Mendagri: Calon dari TNI-Polri Harus Mundur bila Sudah Ditetapkan

KPU menilai, secara etika, kurang baik bila peserta Pilkada 2018 dari kalangan TNI-Polri kembali ke lembaga setelah tidak lolos.

oleh Ika Defianti diperbarui 18 Jan 2018, 15:34 WIB
Mendagri Tjahjo Kumolo (tengah) bersama ketua Bawaslu, Abhan (kiri) saat menyambangi kantor Bawaslu di Jakarta, Selasa (9/1). Menurut Tjahjo, pihaknya dapat terlibat dalam pengawasan pelaksanaan Pilkada tersebut. (Liputan6.com/Angga Yuniar)

Liputan6.com, Jakarta - Menteri Dalam Negeri (Mendagri), Tjahjo Kumolo, mengatakan, calon kepala daerah dari anggota Polri atau TNI harus mengundurkan diri saat ditetapkan oleh Komisi Pemilihan Umum (KPU) sebagai calon peserta Pilkada 2018. Tjahjo menyebut hal itu sudah berdasarkan Undang-Undang Nomor 10 Tahun 2016 soal Pilkada.

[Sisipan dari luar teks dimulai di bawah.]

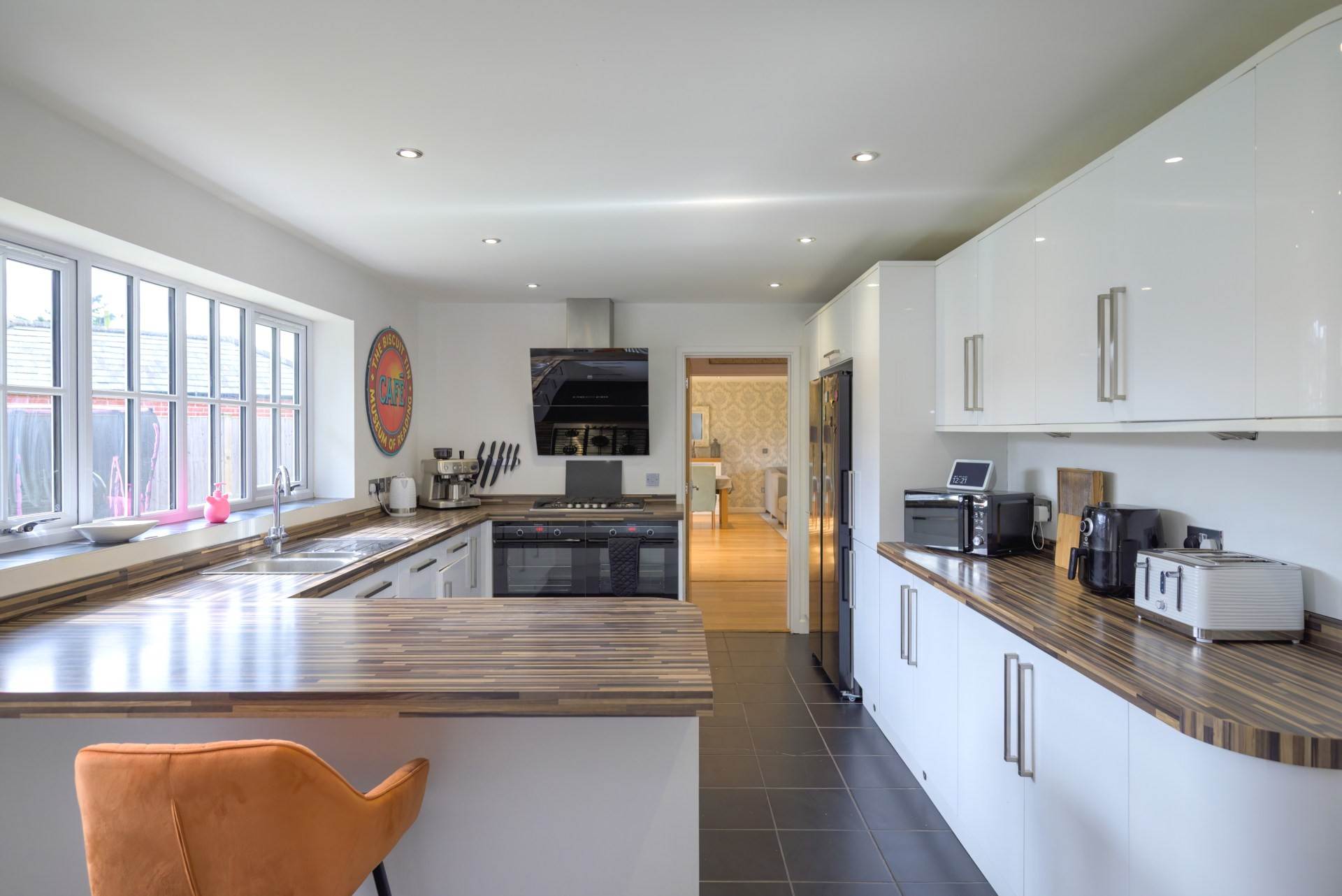 Grove Road, Emmer Green, Image 2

"Kalau di UU harus berhenti, tapi setelah ditetapkan sebagai calon di Pilkada," kata Tjahjo di Kompleks Parlemen, Senayan, Jakarta Pusat, Kamis (18/1/2018).

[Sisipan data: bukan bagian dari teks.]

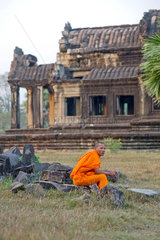 Angkor  Kambodscha  ein Moench vor einer der Bibliotheken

Dia menjelaskan, sebelum penetapan sah oleh KPU, peserta pilkada dari kalangan tersebut masih bersifat definitif, sehingga calon tersebut masih dapat kembali ke lembaganya.

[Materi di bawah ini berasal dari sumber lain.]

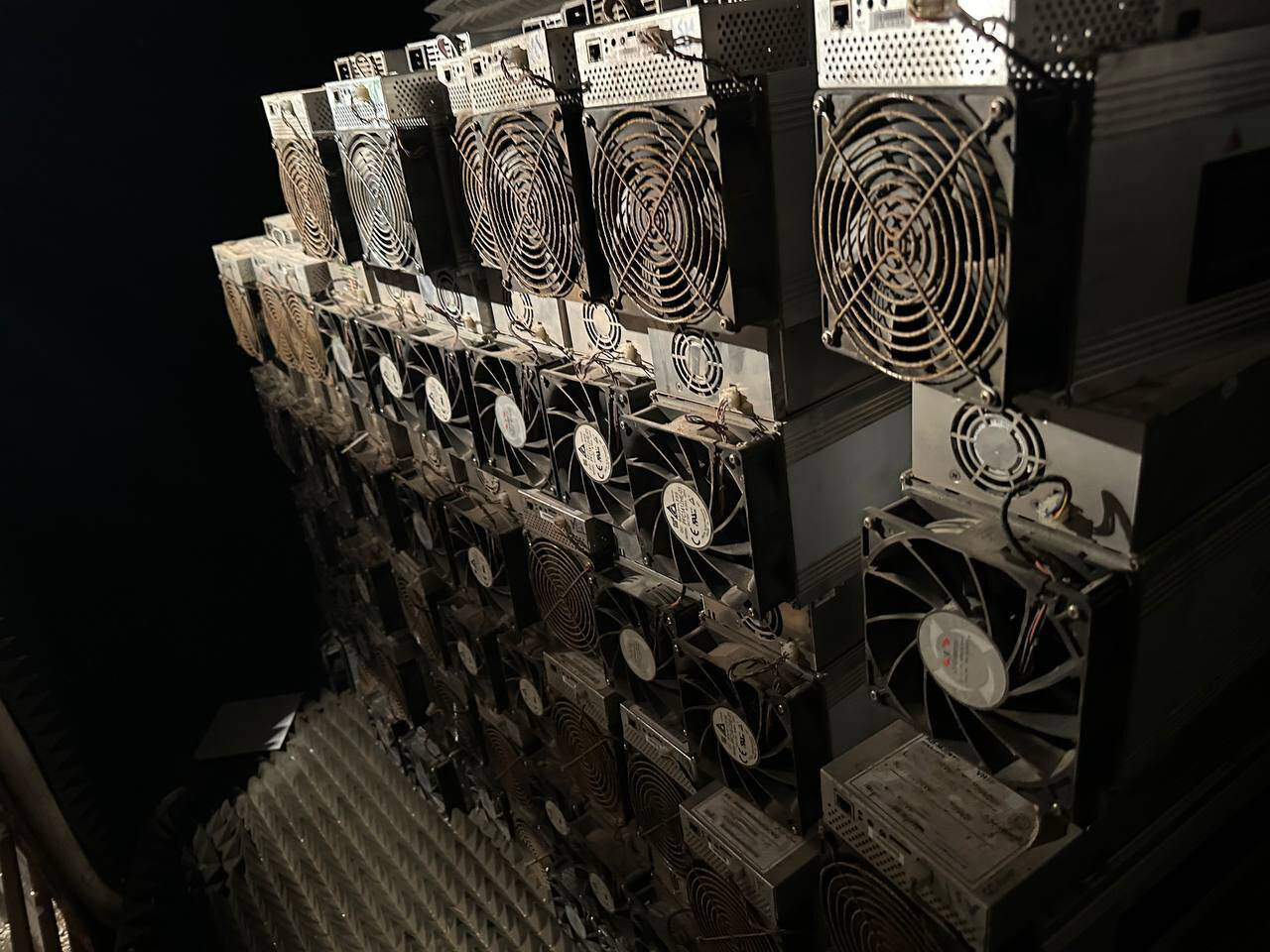 کشف و ضبط ۱۱۵ دستگاه ماینر غیرمجاز در تبریز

"Misalnya saya jenderal daftar ke KPU, tahu-tahu ditolak KPU. Berarti saya belum sah sebagai calon," ujar dia.

Namun, ujar dia, bila bakal calon tersebut terpilih sebagai calon, ia harus mengundurkan diri dari jabatannya di TNI-Polri. "Kalau ditetapkan KPU, iya dia harus mundur," jelas Tjahjo.

 


Etika Kurang Baik

Ilustrasi Pilkada Serentak

Komisioner KPU, Ilham Saputra juga mengatakan, selama menjalankan tes sebagai calon kepala daerah, anggota Polri atau TNI masih berstatus definitif anggota.

Jadi, saat dinyatakan gagal sebagai calon dan mereka ingin kembali ke institusinya, itu merupakan kebijakan masing-masing tempat.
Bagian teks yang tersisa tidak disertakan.